WHAT IS EXPECTED: Look through the entries below and copy exactly the part that begins with the line containing "4300 Purlewaugh Road" and ends with the line containing "藏山风景区_藏山2024年票价一览表". Do not copy the pictures.

RECORDS PROVIDED:
------------------------
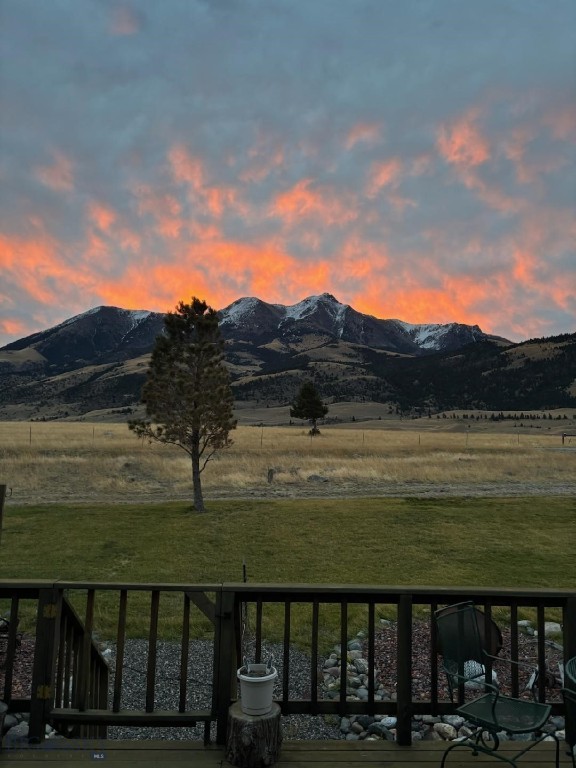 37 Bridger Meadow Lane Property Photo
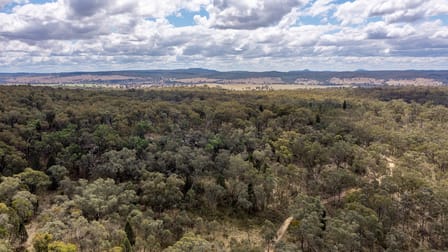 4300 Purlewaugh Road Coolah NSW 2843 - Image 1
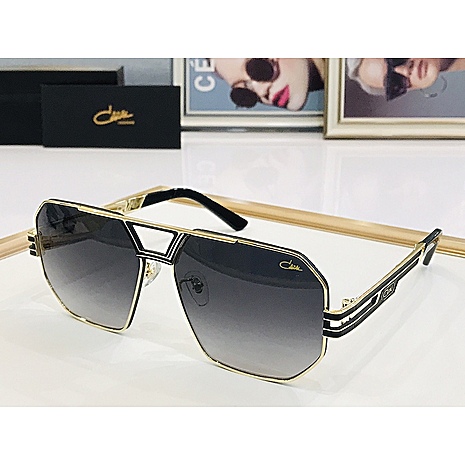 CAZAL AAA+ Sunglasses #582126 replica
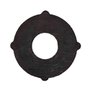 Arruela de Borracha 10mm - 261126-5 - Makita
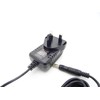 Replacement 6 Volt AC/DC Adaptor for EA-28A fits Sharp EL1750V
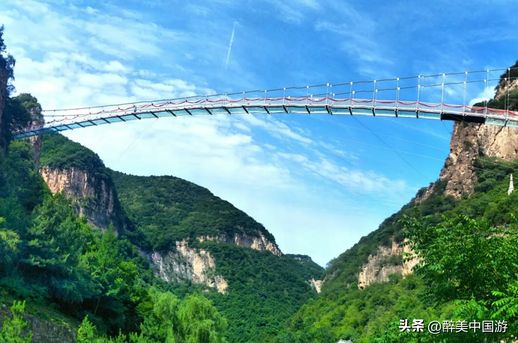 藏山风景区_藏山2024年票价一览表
------------------------
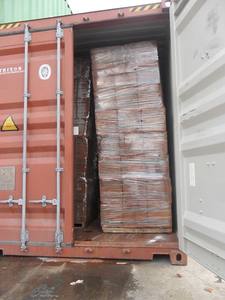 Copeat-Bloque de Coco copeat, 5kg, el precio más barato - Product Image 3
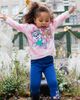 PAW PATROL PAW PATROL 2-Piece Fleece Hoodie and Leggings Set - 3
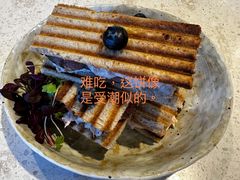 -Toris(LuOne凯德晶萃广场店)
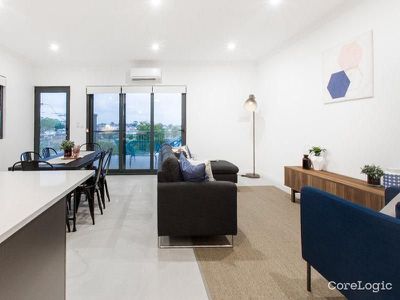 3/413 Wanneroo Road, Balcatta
------------------------
RESULT OF THIS TASK:
 4300 Purlewaugh Road Coolah NSW 2843 - Image 1
 CAZAL AAA+ Sunglasses #582126 replica
 Arruela de Borracha 10mm - 261126-5 - Makita
 Replacement 6 Volt AC/DC Adaptor for EA-28A fits Sharp EL1750V
 藏山风景区_藏山2024年票价一览表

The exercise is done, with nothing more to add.